Africa in the Works of El AnatsuiA Fateful Journey
For a long time, contemporary African art received little attention outside Africa, but after the “Magiciens de la Terre” exhibition held in Paris in 1989, many in the art world started to take notice. From that point on, exhibitions related to modern African art have been held all over the world, and this has led to a series of symposiums and publications.
In recent years, the sculptor El Anatsui (1944–), who was born in Ghana but now resides in Nigeria, has become known for using the caps of wine and beer bottles, as well as refuse like discarded labels, to weave large textiles on an elegant scale. He is a brilliant artist active, not just in Africa, but globally as well—he has already been invited twice to the Venice Biennale exhibition, and his works are prominently displayed in museums and galleries.

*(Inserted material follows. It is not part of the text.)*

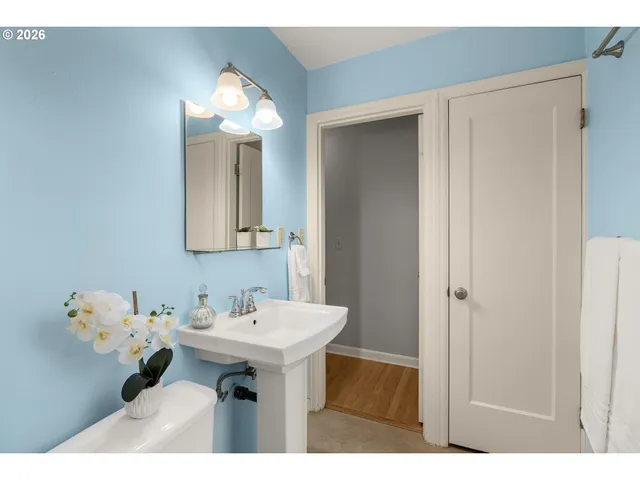 $258,000 | 230 Northeast 60th Avenue, Unit 27, Portland, OR 97213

However, the environment surrounding African artists is a complex one. For instance, their “home” is often in a state of limbo between various museums and galleries. As an example, El Anatsui’s works can be seen in the British Museum in London and the Centre Pompidou (National Museum of Modern Art) in Paris.
In this exhibition, we proactively recapture the circumstances in which this type of African art has been placed and tell the story of El Anatsui’s world of art from the dual perspectives of art history and cultural anthropology. Through this, we seek out a new, creative, cooperative alliance between art history and anthropology, as well as art museums and ethnological museums.